Ten years into the post-conflict many of the more successful former combatants do not exclusively hang around with their former commanders and comrades. Family, neighbors, colleagues and congregations are examples of other networks that in many cases have outplayed the wartime networks. But then again, because relations are central to being, most do not shun ex-combatant networks either. Many still uphold some kind of relationship with their former big men, and can at times get together to lecture with the people with whom they share comradeship and similar experiences from the wartime – or to uphold the contact because nobody knows what the future will bring with it.

But that former combatants stay in touch should not be very surprising, as the revolution constitutes a formative experience for many who played a part in it. Similarly, it should not be surprising if the people who lack other networks find themselves in patron-client relationships with former commanders. It should though be pointed out that I’ve witnessed only one network that consisted exclusively of a commander and some of the fighters who fought under him. Perhaps the fate of this network is telling, as it fell apart within weeks.

The largest military network I’ve seen was led by a former Lofa Defense Force fighter, a man far away from home who nevertheless controlled former fighters from practically all the various factions, and even many more civilians in a gold mining field. Such mixed networks are rather the norm than the exception, and their existence suggests that to only look at fixed chains of command may blind us from the more complex realities. In fact, some former commanders prefer to employ non-combatants, as even they have the widely spread notion about former combatants being used to fast money. These commanders believe that former combatants lack patience and are not careful. It is not once or twice former commanders have claimed to employ so-and-so many of their former fighters, when in reality this has not been true. One former supporter of Charles Taylor claimed not long ago to having employed a thousand former combatants. I cannot say if this is the case or not, but one thing is certain: not only is he a big man because he controls people, but the power over former fighters makes him also a power broker as a potential peacemaker – or a war-maker. And at the same time such statements are exactly what many of us coming from the outside want to hear and believe.
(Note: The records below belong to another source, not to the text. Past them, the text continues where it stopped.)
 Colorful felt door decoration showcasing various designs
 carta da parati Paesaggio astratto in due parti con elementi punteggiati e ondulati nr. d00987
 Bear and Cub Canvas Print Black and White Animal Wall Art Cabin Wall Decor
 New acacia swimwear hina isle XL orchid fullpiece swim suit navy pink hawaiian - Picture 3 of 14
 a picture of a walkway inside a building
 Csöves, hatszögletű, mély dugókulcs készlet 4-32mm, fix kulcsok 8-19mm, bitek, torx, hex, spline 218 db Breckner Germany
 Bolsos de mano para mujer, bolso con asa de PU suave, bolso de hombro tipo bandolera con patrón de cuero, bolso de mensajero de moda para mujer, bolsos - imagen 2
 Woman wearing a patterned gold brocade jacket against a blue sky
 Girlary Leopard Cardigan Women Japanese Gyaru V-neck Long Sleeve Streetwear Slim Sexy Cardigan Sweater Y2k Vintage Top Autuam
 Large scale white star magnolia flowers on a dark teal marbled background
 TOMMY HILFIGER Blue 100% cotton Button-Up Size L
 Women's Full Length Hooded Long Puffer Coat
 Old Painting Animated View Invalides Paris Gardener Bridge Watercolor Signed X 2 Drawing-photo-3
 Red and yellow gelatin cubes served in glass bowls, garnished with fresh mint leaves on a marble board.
The second difference between former combatants and civilians, the unique skillset, should not be overestimated. Anybody with experience from the military knows that once acquired, combat training needs to be maintained.[iv] Additionally, many fighters have become older, got families to take care of and are neither willing nor capable of embarking on ‘Las Palmas’ (as paid military missions abroad have been called at least since the times of Charles Taylor. I am still curious concerning the origins of the expression). A good example of this comes from 2011-12, when one former commander in Grand Gedeh mobilized fighters not only from his networks of former combatants, but also from his kin networks that consisted of relatives and neighbors (which in the county are often overlapping categories). In reality the unique skillset might perhaps constitute of little more than the rudimentary skills to use weapons and the knowledge of basic tactical manoeuvers (note though the problems with coordinating attacks in 2012 described in previous Panel of Experts reports).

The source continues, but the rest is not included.